“…[W]hat he had promised he was able to perform” (NKJV)
When you read the fourth chapter of Romans and get to the part about Abraham, especially starting at verse 16, we discover why Abraham is “the father of us all.” This means not just Jews by bloodline, but also believers by “faithline.” God promised Abraham a son through Sarah, and they waited 25 very long trying years before God delivered Isaac to them. During that time, including the episode with Hagar in trying to carry out God’s will man’s way, Abraham didn’t flinch in faith: “he did not waver through unbelief regarding the promise of God” (v. 20), even when his body was giving out, reproductively speaking. For twenty-five years he walked with God and learned from him in the ups and downs of a very routine life. He learned to trust God, becoming indeed the father of us all. And what was it that he learned more than anything else? That what God “had promised, he was able to perform” (v. 21, NKJV).
How do we know that Abraham could trust God? Look at the test God gave in Genesis 22: “Sacrifice [Isaac] there as a burnt offering on one of the mountains I will tell you about” (v. 2). After 25 years of walking, learning, growing, there was no delay. He was up “early the next morning” (v. 3) preparing to go. He could so trust God that he told his servants, “We [Isaac and I] will worship and then we will come back to you” (v. 5). No hint of worry or fear. A bit later he told Isaac, “God himself will provide the lamb for the burnt offering, my son” (v. 8). Not a trace of maybe. How could he be so sure, so confident? 25 years of walking with God will teach you a thing or two. Abraham had come to know his God. By test time, it had been 38 years for Abe. So throw in another thing or two.

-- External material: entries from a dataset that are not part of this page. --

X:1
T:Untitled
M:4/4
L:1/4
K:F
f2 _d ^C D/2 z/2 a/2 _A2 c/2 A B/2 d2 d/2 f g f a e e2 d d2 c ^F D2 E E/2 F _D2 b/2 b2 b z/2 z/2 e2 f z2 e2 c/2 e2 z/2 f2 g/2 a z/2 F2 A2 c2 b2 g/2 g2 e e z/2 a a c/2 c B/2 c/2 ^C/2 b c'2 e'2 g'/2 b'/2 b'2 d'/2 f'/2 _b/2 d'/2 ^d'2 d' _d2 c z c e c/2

The word most translated able in the New Testament comes from the Greek root word that means “power” and give us our English word “dynamite.” God has power to perform, power to do things that only he can do. Psalm 115:3 says, “Our god is in heaven; he does whatever pleases him.” Since his promises show off his wonderful, holy character and power, he is pleased to deliver and keep his word.

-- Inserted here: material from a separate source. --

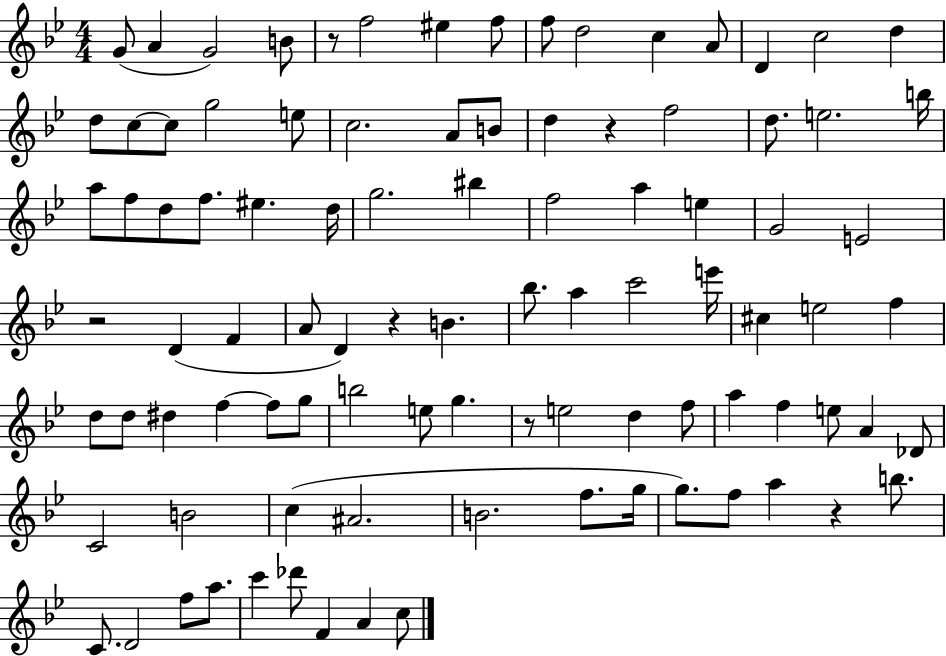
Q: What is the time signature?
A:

In riveting contrast, the next several verses show the ability of idols: “But their idols are silver and god, made by the hands of men. They have mouths, but cannot speak, eyes, but they cannot see; they have ears, but cannot hear, noses, but they cannot smell; they have hands, but cannot feel, feet, but they cannot walk; nor can they utter a sound with their throats” (vs. 4-7). They have all the parts, but they don’t function. They look good on the outside, but they don’t deliver because they can’t. They have neither the power nor the ability. This is certainly a prime case of god made in the image of man: “Those who make them will be like them, and so will those who trust in them” (v. 8).
What this really gets down to is the old question, “Why is there something, rather than nothing?” The answer to why things exist at all is a living, creating personal God. God is there; he exists in glory. Idols are powerless nothings, the creation of distorted and depraved minds. Probably a better question to ask is, “Why can we ask why?” That might generate some interesting conversation!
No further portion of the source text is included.